Logitech z623 2.1 Speaker Review

Logitech z623 2.1 Speaker Review

Conclusion

Like the worlds largest elephant the Logitech z623 2.1 THX Speakers are very impressive with a giant ‘but’.

Build quality is important for any set of speakers, particularly 2.1 ones for your desk. After all, the subwoofer gets kicked whether you mean to or not, and the satellites are in the firing line for furious controller launches and knocking over of your beverage of choice. Fortunately the z623 are extremely robust. The case for the subwoofer is sturdy enough that you could kill someone with it and the satellites, despite their plastic casing, feel fantastic and have no flex in them at all. This isn’t your aunties cheap plastic. The grills aren’t for show either. We’ve come across many speaker grills which were there for aesthetic reasons and had all the protective qualities of a slice of bread in a thunderstorm. There are no such issues with the Logitech z623. 
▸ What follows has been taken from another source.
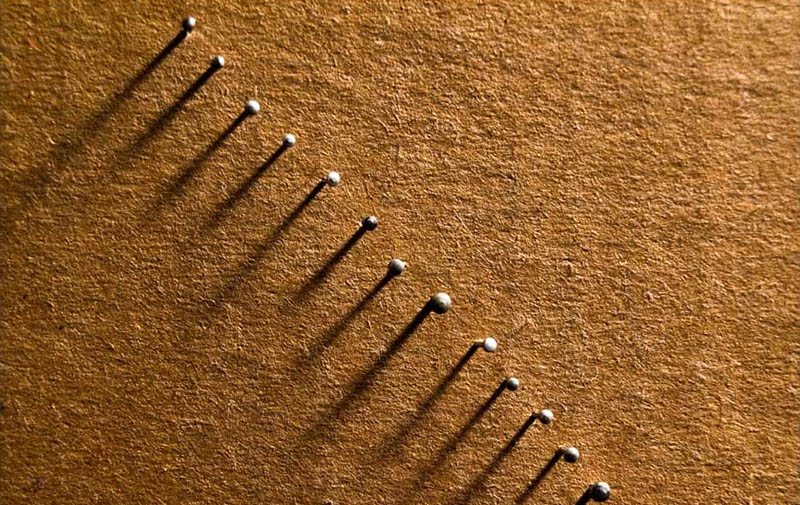 Farbfoto: Stecknadeln in einer Diagonale festgesteckt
Whenever we test audio we always do it with the flattest EQ profile and the barest minimum of adjustments. It’s important to get a feel for the product in the manner that the manufacturers intended. Some models have monstrous bass as their natural setting, and some need a good kick to really get your chest pumping. The z623 are wonderfully neutral. Whether we were breaking our necks with Busta Rhymes, digging out our old white label hard house, grooving some classic rock or mellowing in the summer sun with some Pink Floyd, the z623 performed very well. The bass-heavy parts had plenty of boom to them without getting woolly or dominating your aural soundscape whilst the soft and gentle moments were reproduced with richness and subtlety. If you don’t touch that dial, you’ll be very pleased with the result.

At this point the elephant enters proceedings. Touching that dial. The volume control is nice and linear but despite an acclaimed 200W RMS we could barely hear things in the lower settings and by the time the music/game/film was pumping we’d run out of ways to turn it up. You would imagine that something sporting a large THX logo would make your neighbours weep. As it is it’s plenty loud enough for its position in front of you but it wont have a second life as a room-filling party machine. All of which pales in comparison to the hideousness of that bass dial.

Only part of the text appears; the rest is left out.